The Scottish Medicines Consortium (SMC) has cleared NHS funding for Bavencio (avelumab) as a first-line maintenance therapy for people with advanced urothelial carcinoma (UC) – the most common form of bladder cancer – that has not progressed after initial chemotherapy.
The decision is based on the results of the phase 3 JAVELIN Bladder 100 study, which showed a 31% improvement in overall survival for Bavencio plus supportive care as first-line maintenance treatment following induction chemotherapy, compared to supportive care alone.
NICE rejected that use for the PD-L1 inhibitor in draft guidance issued in May – both for routine use and via the Cancer Drugs Fund (CDF) – saying it was not a cost-effective use of NHS resources.
Finalised guidance for England and Wales is expected later this month, and it remains possible that an access deal will be reached could shift the cost-effectiveness calculation in favour of approval.
Merck Serono and Pfizer said they appealed the decision and hope to ensure "all eligible UK adult patients have equitable access to this new treatment option." The drug was approved by the MHRA for maintenance used in advanced UC earlier this year.
The SMC said its decision to back the drug was taken as a result of its Patient and Clinician Engagement (PACE) process, hearing that this type of cancer is highly aggressive and has a very poor overall prognosis.

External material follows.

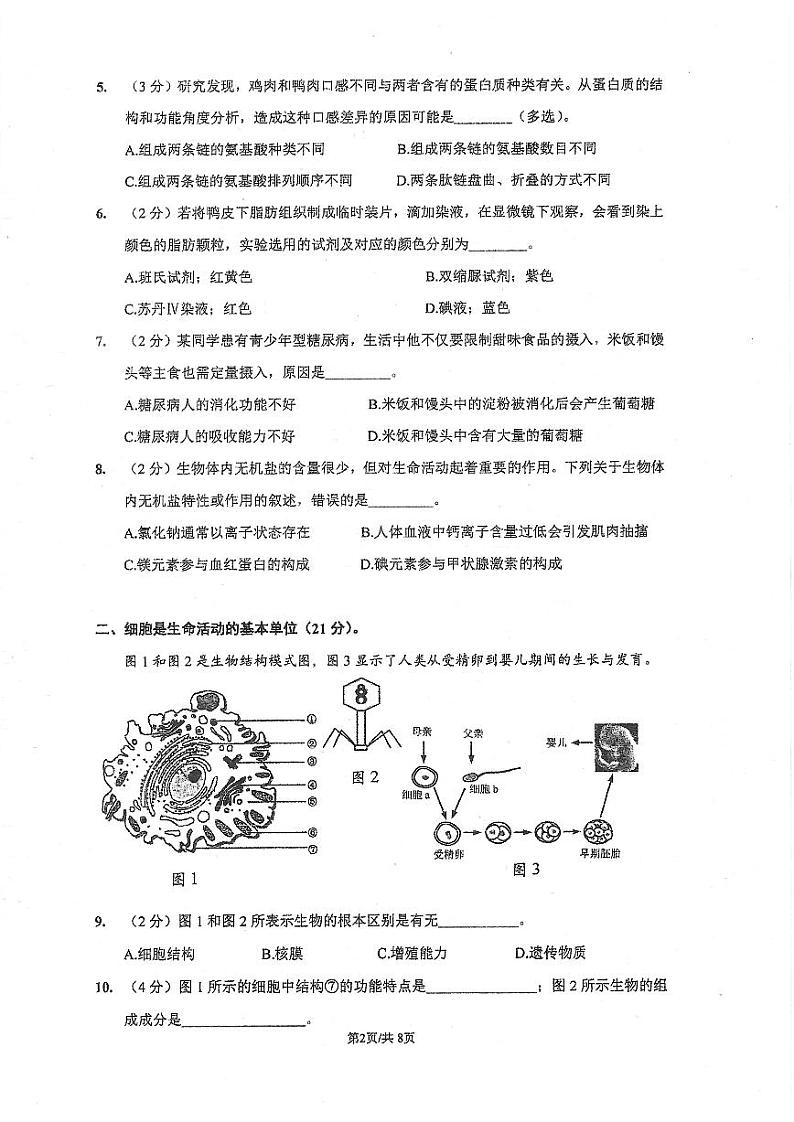 上海市黄浦区大同中学2023-2024学年高一下学期6月期末生物试题02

"Patients experience considerable pain and discomfort which can be challenging to treat," said the agency in a statement, adding: "avelumab may increase overall survival, delay cancer growth and prevent symptoms for longer."
Although platinum-based chemotherapy has good initial results, most UC patients see their disease worsen within nine months of induction chemo, and only 5% of patients diagnosed with metastatic bladder cancer will live longer than five years.
Bavencio was one of six new medicines recommended by the SMC for routine coverage by NHS Scotland.
It also Gilead Science/Kite Pharma's CAR-T therapy Tecartus (brexucabtagene autoleucel) as a third-line option for patients with advanced mantle cell lymphoma, and Bristol-Myers Squibb's PD-1 inhibitor Opdivo (nivolumab) for advanced oesophageal squamous cell carcinoma after first-line chemotherapy.
Both of those uses have also been backed by NICE. In the case of Tecartus, the SMC has granted interim acceptance, which means the decision is subject to ongoing evaluation and reassessment.
The SMC also gave the nod to Novartis' cholesterol-lowering drug Leqvio (inclisiran) – which is still under review by NICE – as well as Johnson & Johnson's Tremfya (guselkumab) for psoriatic arthritis and Sobi's Doptelet (avatrombopag) for people with chronic immune thrombocytopenia who haven't responded to prior treatment such as corticosteroids or immunoglobulins.
NICE backed Tremfya for psoriatic arthritis earlier this year, and it is still evaluating Doptelet for CIT.